Lydia Y. Liu, University of Toronto
Title: Proteomics Data Integration in Cancer: The Value of Multimodality
“Increasingly translational cancer studies will quantify many types of molecular information in specific model systems or patient samples. These most frequently include the germline and somatic mutation profiles (including point mutations, copy number aberrations and genomic rearrangements), the transcriptome, immune infiltrates, the epigenome and the evolutionary timing of variants at each of these levels. Proteomic data analyses thus need to leverage that data to better understand information flow in cancer cells, develop robust biomarkers and understand the molecular origins of complex phenotypes. We will discuss the broad data-analytic strategies for these large datasets, and the challenges with integrating proteomic data with other datatypes. This will include practical examples of recent work performing such integrative analyses in primary cancer cohorts, and the value of statistical, machine-learning, information-theoretic and network strategies. Overall, we show that data integration across multiple levels of the central dogma improves our understanding of cancer phenotypes. Indeed biomarkers comprising multiple classes of biomolecules systematically outperform those that include only one: despite being an analytic challenge, multi-modality is a key opportunity for the future development of oncoproteomics.”
Mariana Boroni, National Cancer Institute, RJ
Title: Identifying new therapeutic strategies for Colorectal cancer in the Big Data Era.

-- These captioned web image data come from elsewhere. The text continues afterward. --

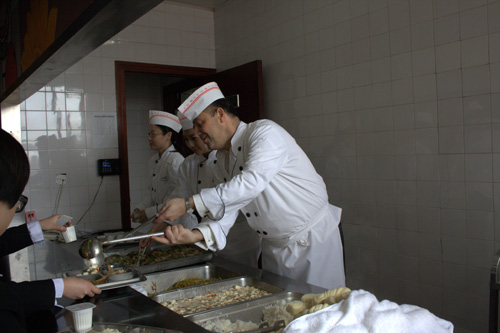 沈陽凱賓斯基飯店開展防治肺結(jié)核日活動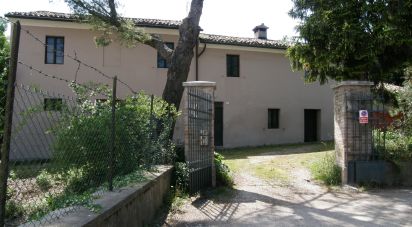 Casa indipendente / Villa 7 locali di 350 m² in Fano (61032)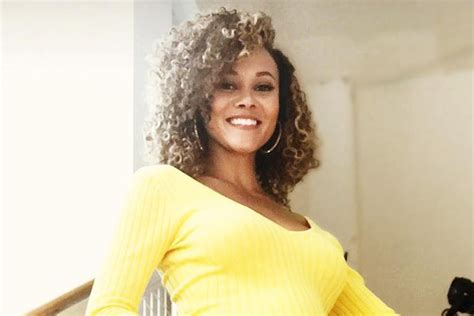 Ashley Darby S Nude Maternity Photo Shoot See Pics Style Living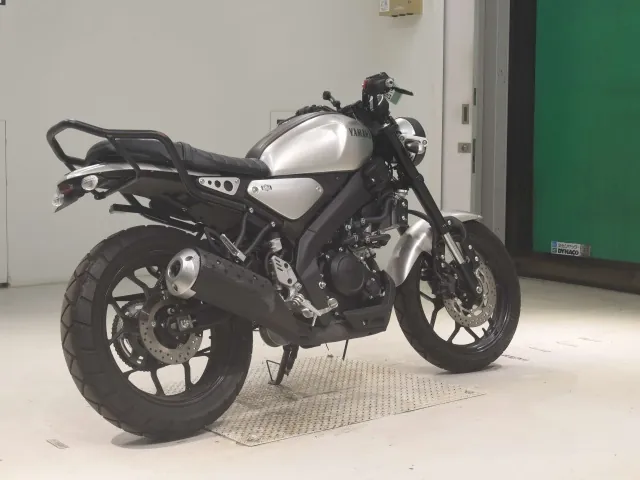 Yamaha XSR125, серебристый, фото 5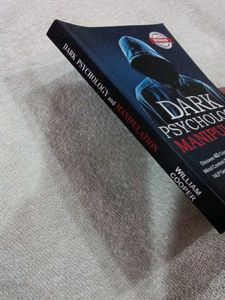 Dark Psychology &amp; Manipulation Book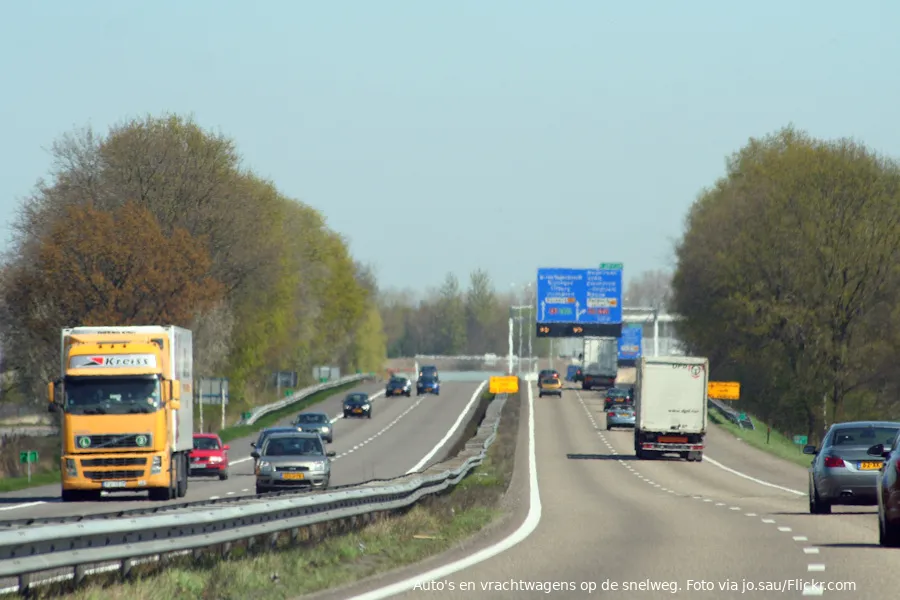 Stikstofminister Van der Wal: we gaan nog heel lang 100 kilometer per uur rijden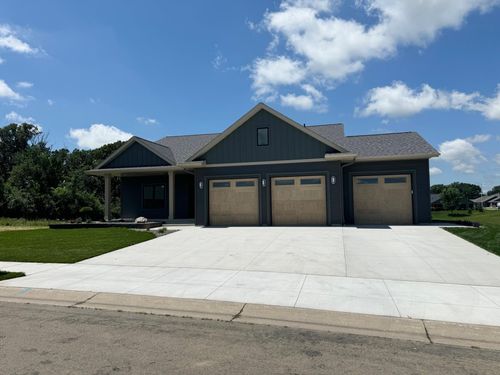 2329 W 9th St, Albert Lea, MN, 56007-1321 | Card Image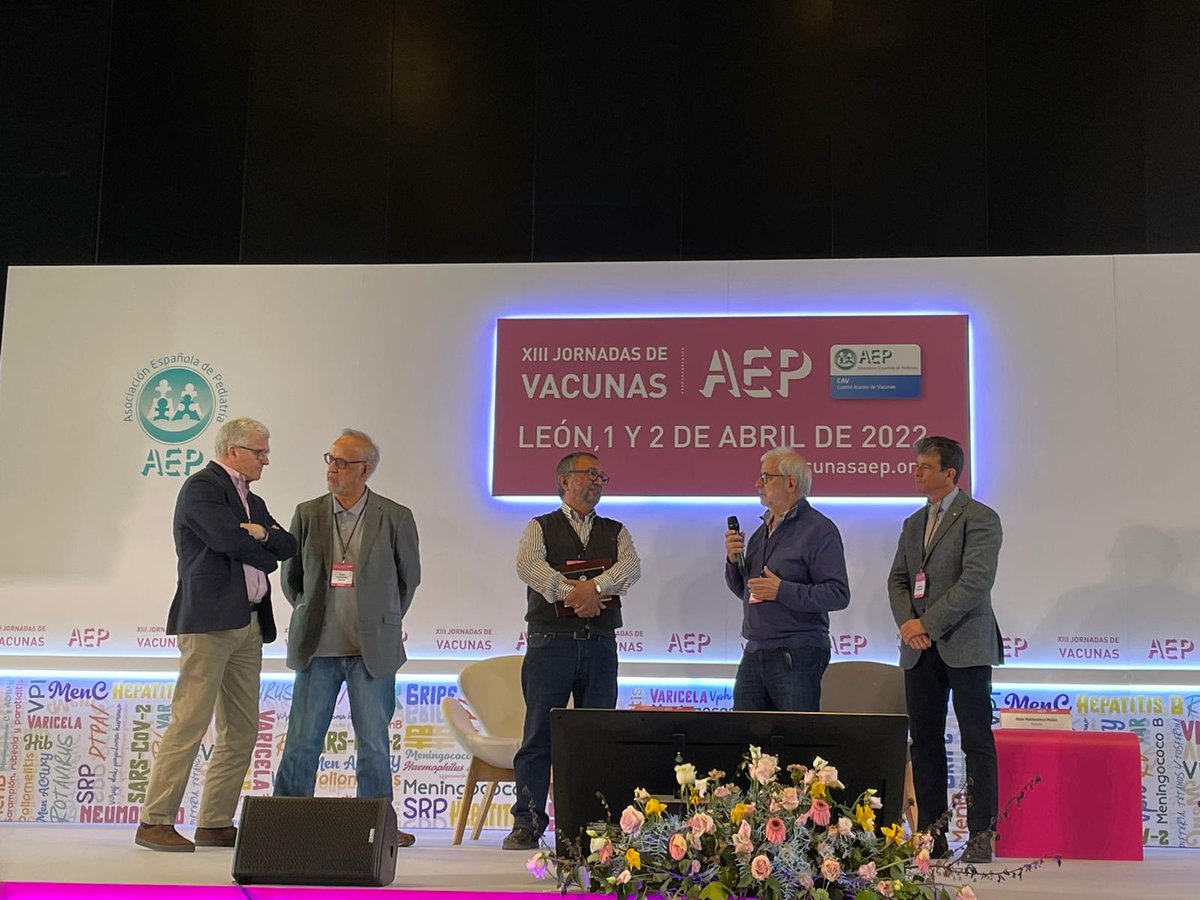 El miembro senior de <a href="/elgipi/">El gipi</a>, Manolo Merino, recibiendo un merecido homenaje en León por parte de los popes de la Pediatría española por su participación en el <a href="/CAV_AEP/">Comité Vacunas e Inmunizaciones-AEP</a> <a href="/aepediatria/">AEP</a> <a href="/lcblesa/">lcblesa</a> <a href="/angel_h_merino/">Ángel Hernández</a>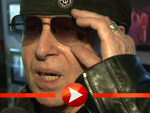 Klaus Meine eröffnet das „The Wall Museum“ in Berlin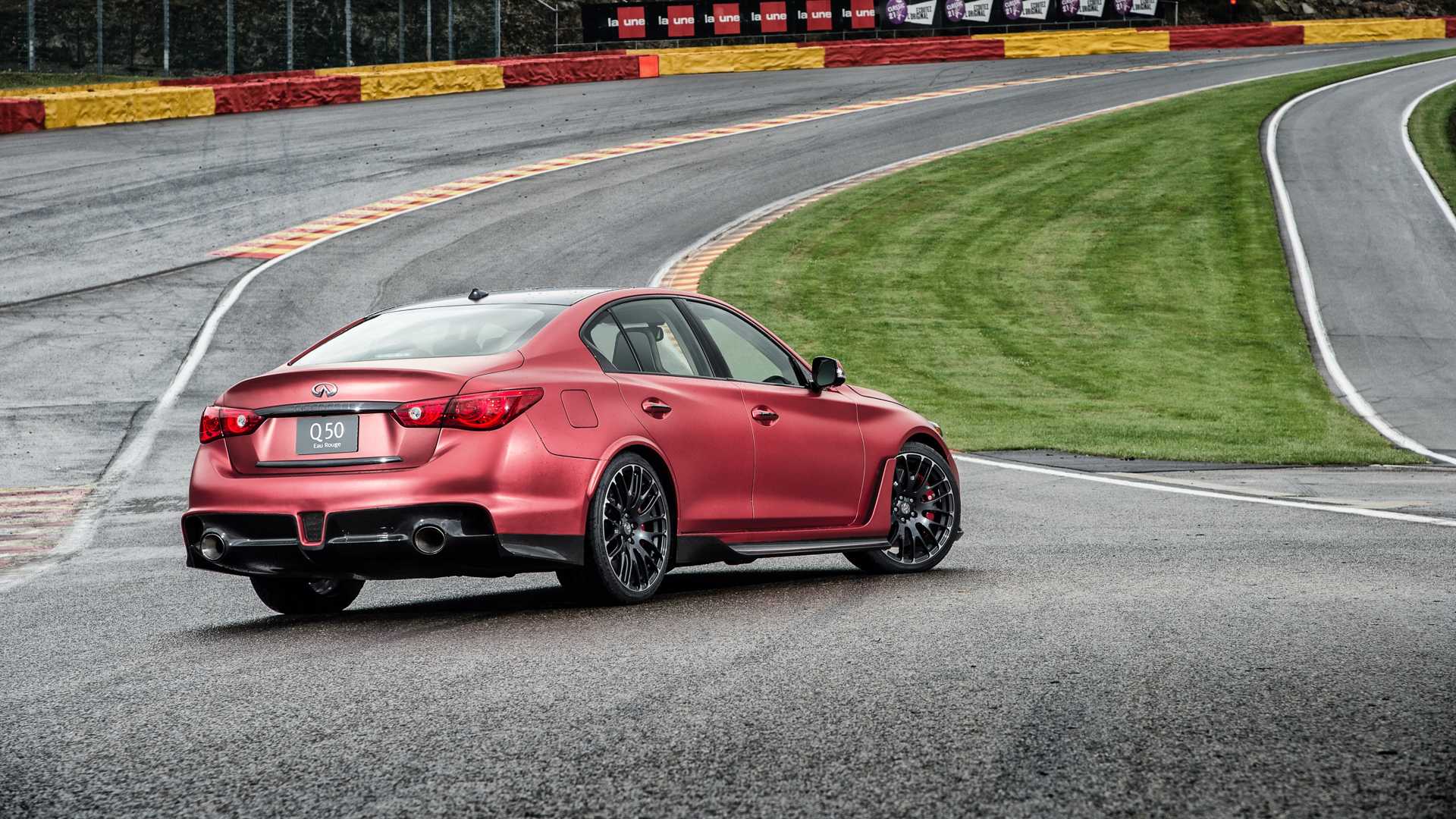 2014 Q50 Eau Rouge Concept rear 3/4 on Eau Rouge
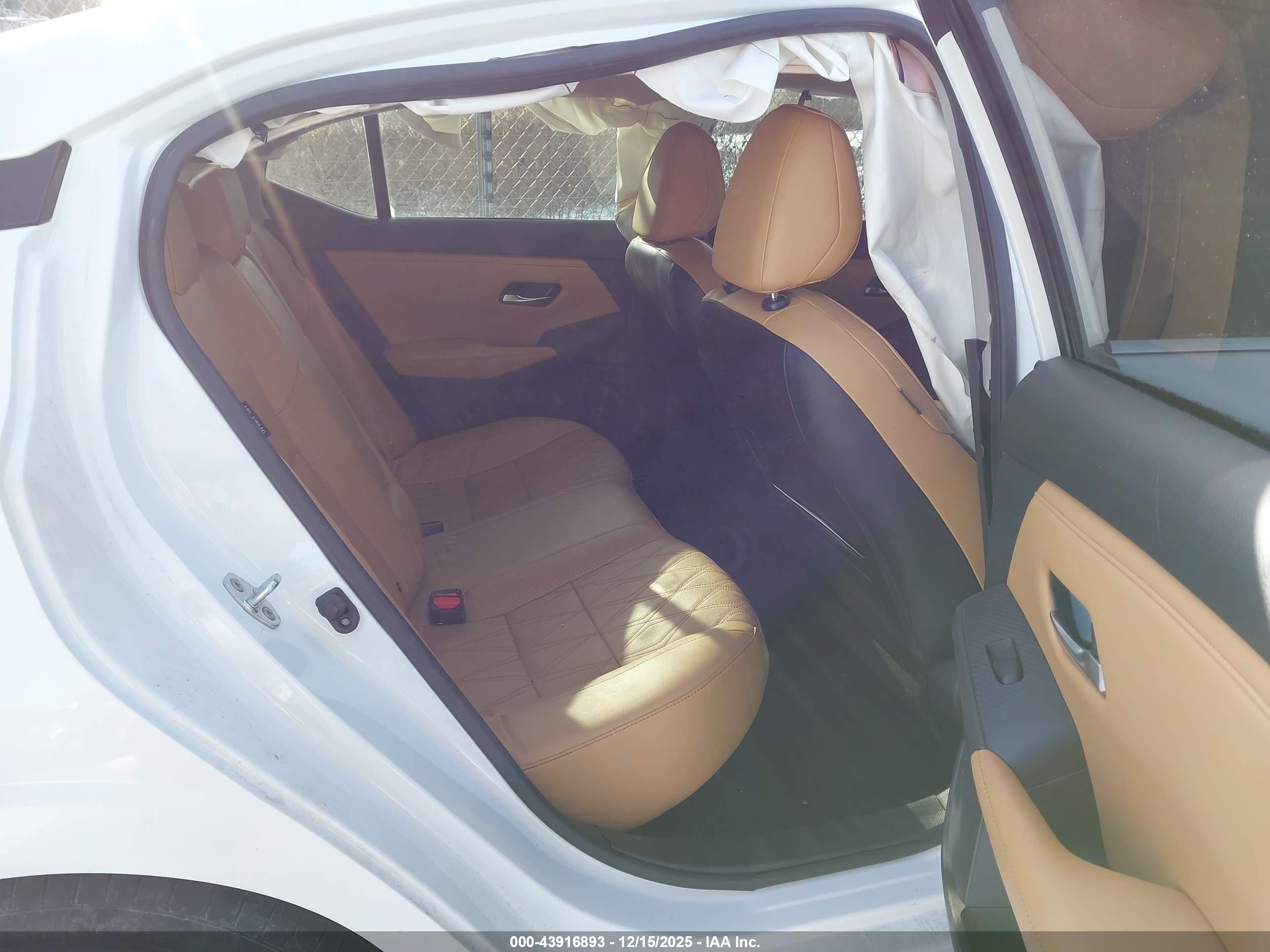 NISSAN SENTRA image 8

O câncer colorretal (CCR) é um dos carcinomas de maior incidência e mortalidade no mundo e tem como fatores de risco o baixo consumo de vegetais e alto consumo de carne vermelha e/ou processada, sobrepeso e sedentarismo. O CCR é uma doença altamente heterogênea, apresentando quatro subtipos moleculares, com diferenças na localização anatômica, no microambiente tumoral e nas vias moleculares alteradas. Essa grande heterogeneidade afeta significativamente a resposta a diferentes tratamentos e o prognóstico dos pacientes. Neste sentido, novas estratégias terapêuticas devem ser desenvolvidas considerando-se as alterações moleculares mais relevantes nos subtipos moleculares tumorais. As análises para identificação de alvos terapêuticos se baseiam no conceito de “druggable genome”, isto é, identificação de genes que codificam famílias protéicas específicas que interagem com fármacos, e que estão diretamente relacionados com o estabelecimento da doença. Com base nestas informações, o objetivo do nosso estudo é sugerir o reposicionamento de drogas atualmente utilizadas para o tratamento de outros tipos tumorais, assim como a identificação de novos alvos terapêuticos a partir da análise dos padrões de expressão gênica e do perfil de interação proteína-proteína nos subtipos moleculares de CCR.
Nina Hirata, Institute of Mathematics and Statistics, University of São Paulo, SP
Title: Machine Learning and Computational Thinking
Machine learning techniques are tools often used to automate certain
types of data processing needed for data analysis. They are
particularly useful to analyze multidimensional data of complex nature
or large amounts of data. In this talk we will start relating
computational algorithms to machine learning and discussing how
computational thinking is essential for the effective use of
computational tools, including machine learning techniques. We will
then introduce basic concepts and methods of machine learning.
At the end, the discussed concepts and methods will be explored
through practical hands-on application examples.